Results within expectation. BAuto reported 2QFY19 earnings of RM74m, which brought 1HFY19 earnings to RM124m. This is within our expectations but ahead of consensus accounting for 55% of our FY19F and 60% of consensus. An interim dividend of 3.75sen/share was declared, 134%yoy higher and represents a 58% payout ratio.

Quarterly earnings hits a record. Earnings more than tripled yearon-year on the back of strong volumes (+79%yoy) which was driven by the June-August tax holiday period. Additionally, the strong earnings were supported by a strong Ringgit in the period. In-line with the strong Mazda TIV, earnings from associates (comprising 30%-owned Mazda Malaysia (MMSB) and 29%-owned Inokom) rose to RM18m from below RM1m in the 2Q18. Associate earnings more than tripled on sequential basis.

Solid booking bank. Given strong booking bank of >8K units, with over 6K comprising the CX5, TIV for the rest of the year could remain pretty strong. This is against pre-tax holiday monthly TIV of just 1K-1.3K and a normal production rate of just 1.5K/month. Even post-SST in Sept, there were still around 130 unit of additional bookings for the CX5.

Localisation now factored into SST calculation. Car prices were originally expected to increase 1%-3% post-SST, which is basically a reversal of the impact from transition to GST back in 2015. However, there was a change in the way the SST 2.0 is calculated - SST calculation now exempts localised components, essentially reducing the amount chargeable by the 10% SST – this is similar to the excise duty mechanism which rewards localisation. Unlike CKDs, CBU prices are still raised by 1%-3% post-SST 2.0 as the full amount of docket price, import duty and excise duty are chargeable by a 10% SST.

Impact of SST compensation toned down. Given the lower than earlier anticipated SST cost, implications from subsidising SST for bookings pre-Sept 1st are also toned down. BAuto has around 8K preSept bookings to compensate, of which ~6K comprise the CX5 (CKD). Given the new mechanism, SST cost (for the CX5) is estimated to reduce from RM5.7K/car (under GST) to RM3.8K/car (under SST 2.0), or a reduction of 2.8% against the CX5’s average price. Cost to compensate for SST (for the CX5) is expected to reduce from an earlier estimated RM34m to just RM22m. Earlier plan was to claw back margins by lowering dealer incentives as well as lower A&P and marketing expenses. However, since the cost for SST compensation is now lower, and given that the cost saving initiatives are still intact, margins next quarter may possibly be little affected, we think.

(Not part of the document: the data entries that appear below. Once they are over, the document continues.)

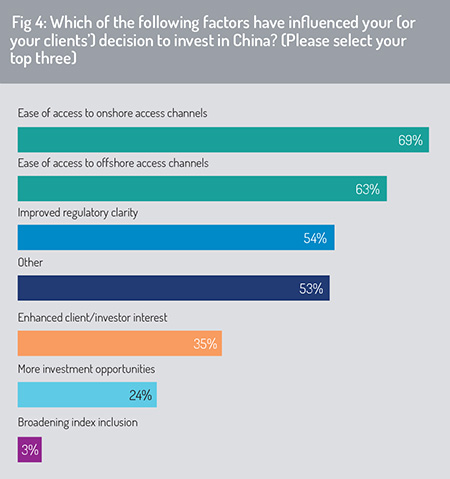 Factors_influencing_China_investments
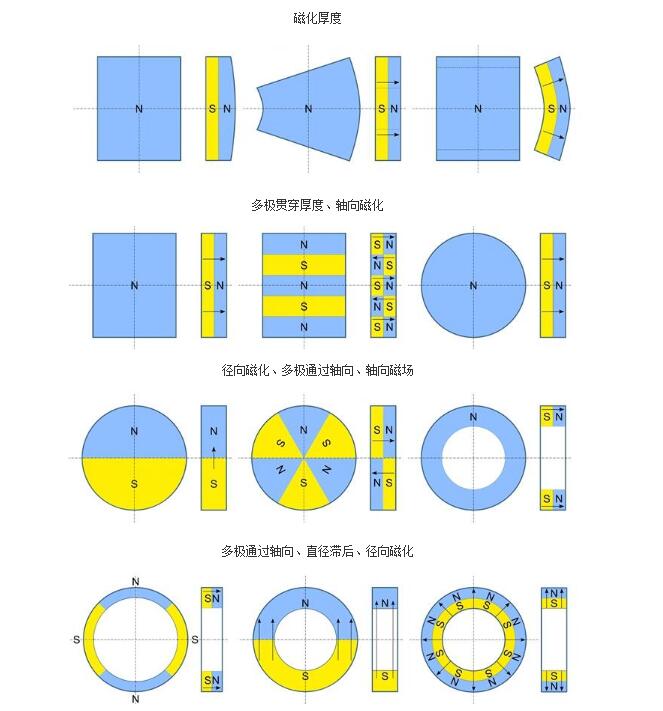 磁铁参考图.jpg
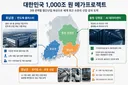 여러분들, 내일 29일 대한민국의 운명이 바뀝니다.(이재명)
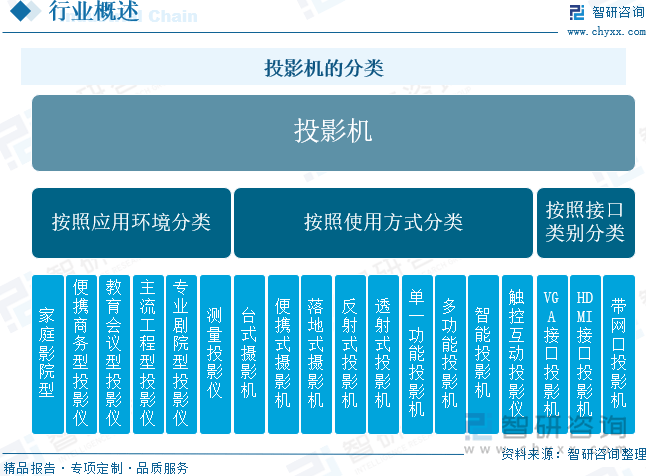 国投影机行业未来发展前景及趋势（智研咨询发布）尊龙人生就是博【前景趋势】一文读懂2025年中(图4)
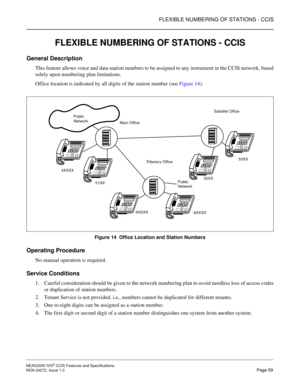 Page 69FLEXIBLE NUMBERING OF STATIONS - CCIS
NEAX2000 IVS2 CCIS Features and Specifications  
NDA-24272, Issue 1.0  Page 59
FLEXIBLE NUMBERING OF STATIONS - CCIS
General Description
This feature allows voice and data station numbers to be assigned to any instrument in the CCIS network, based
solely upon numbering plan limitations.
Office location is indicated by all digits of the station number (see Figure 14).
Figure 14  Office Location and Station Numbers
Operating Procedure
No manual operation is required....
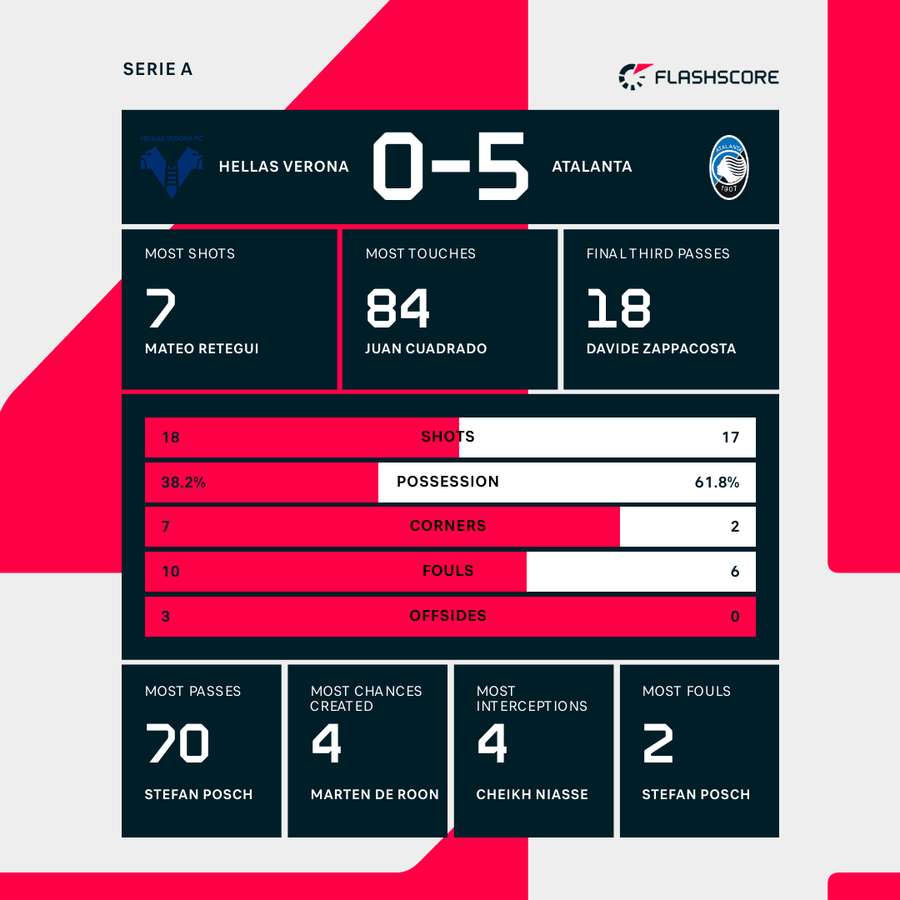 Verona - Atalanta match statistics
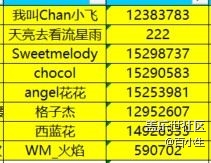 已開獎(jiǎng)【Z版十月第一周】折疊屏手機(jī)陪伴的假期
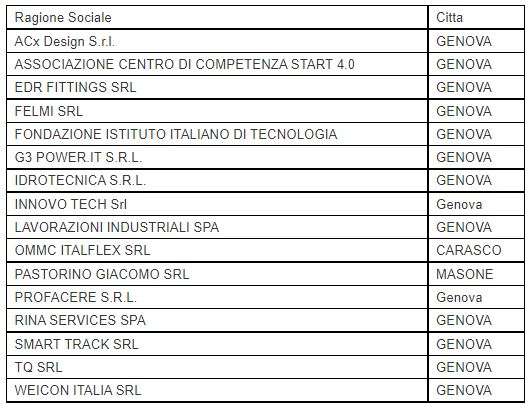 imprese genovesi a mecspe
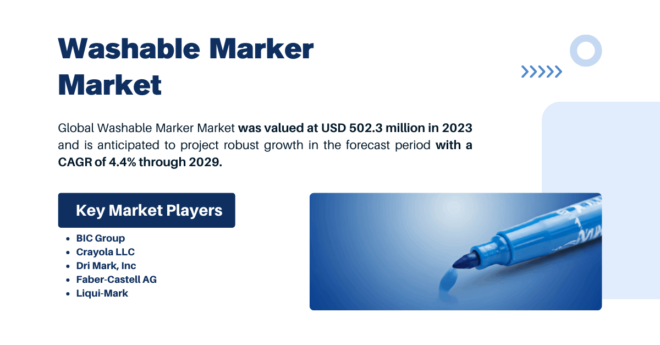 Global Washable Marker Market was valued at USD 502.3 million in 2023 and may growth in the forecast with a CAGR of 4.4% by 2029.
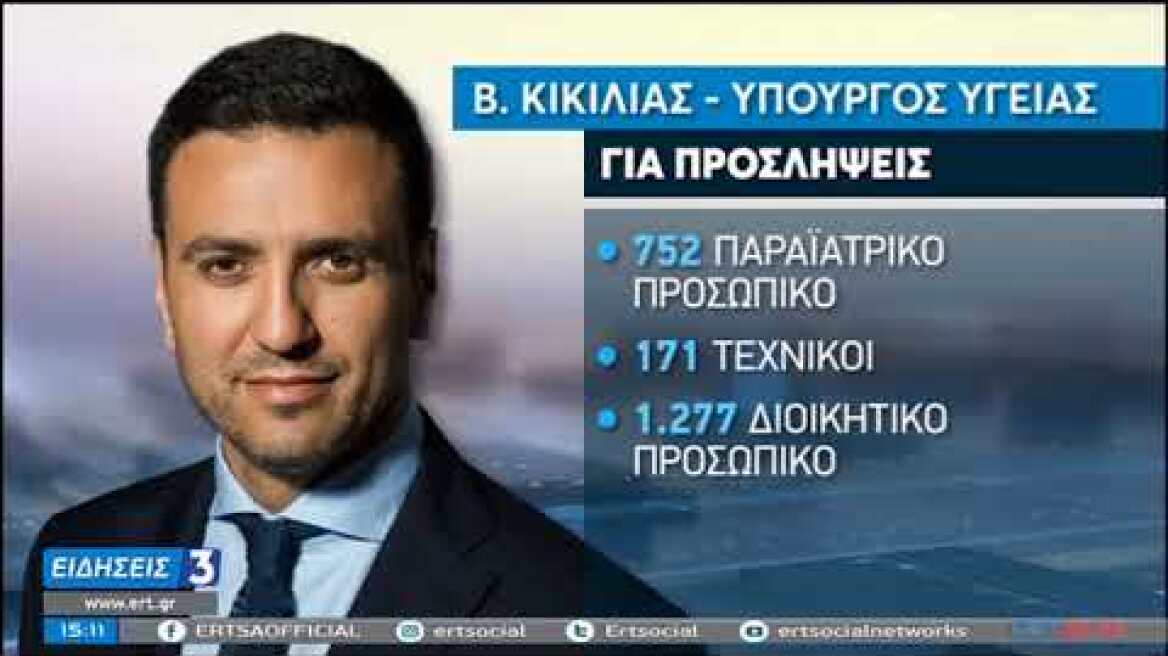 Σχέδιο έκτακτης ανάγκης για Θεσσαλονίκη–Ανησυχία για κρούσματα και διασωληνωμένους | 1/11/20 | ΕΡΤ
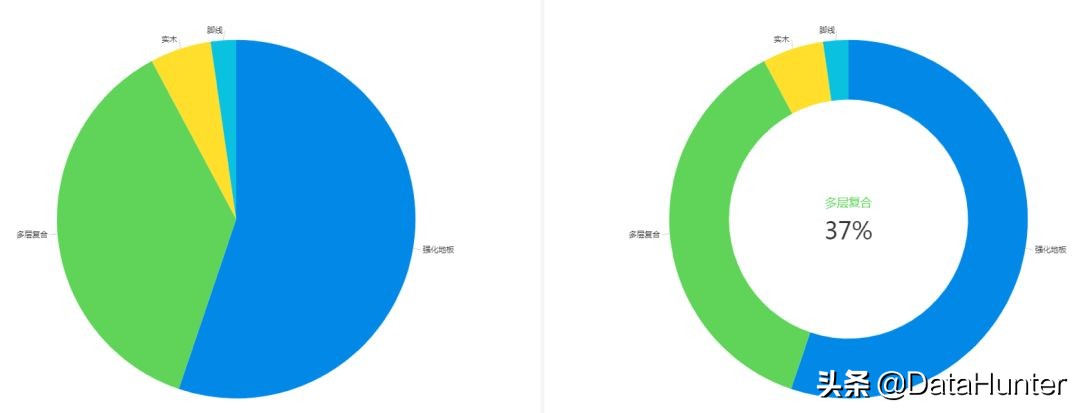 活用这23种图表，让你的数据分析胜人一筹|推荐收藏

Recommendation. Re-affirm BUY at unchanged TP of RM2.70. From a valuation standpoint, BAuto is cheap at just 12x CY19F earnings (against a 61%yoy FY19F earnings growth), while dividend yield of 7% is attractive. BAuto is an entrepreneur driven, highly cash generative asset-light business while the capex-intensive manufacturing unit is parked under 30%-owned MMSB and is kept off-balance sheet. MMSB itself is already self-funding. Manufacturing capex has peaked having built up production capacity to 34K units/annum (on 2-shift) – FY19F-20F is mostly about monetising this incremental capacity via new models i.e. CX5 and CX8 and export expansion to South East Asia exVietnam.

Key share price catalysts in the next 12 months:

(1) An 17%-30%yoy Mazda TIV growth (FY19F) coupled with margin expansion driven by full year impact of new CX5

(2) A more than doubling in associate earnings contribution to group (via 30%-owned Mazda Malaysia SB and 29%-owned Inokom) given export market expansion to South East Asia (ex-Vietnam) and re-acceleration in production for the domestic market.

(3) Launch of locally assembled CX8 2QFY20F, which fills a gap in Mazda’s model mix

(4) Attractive dividend yield of 7% - net cash accounts for 10% of market cap coupled with solid 9% FCFE yield (FY19F). Our payout assumption is capped at 80% vs. historical 80%-113% payout.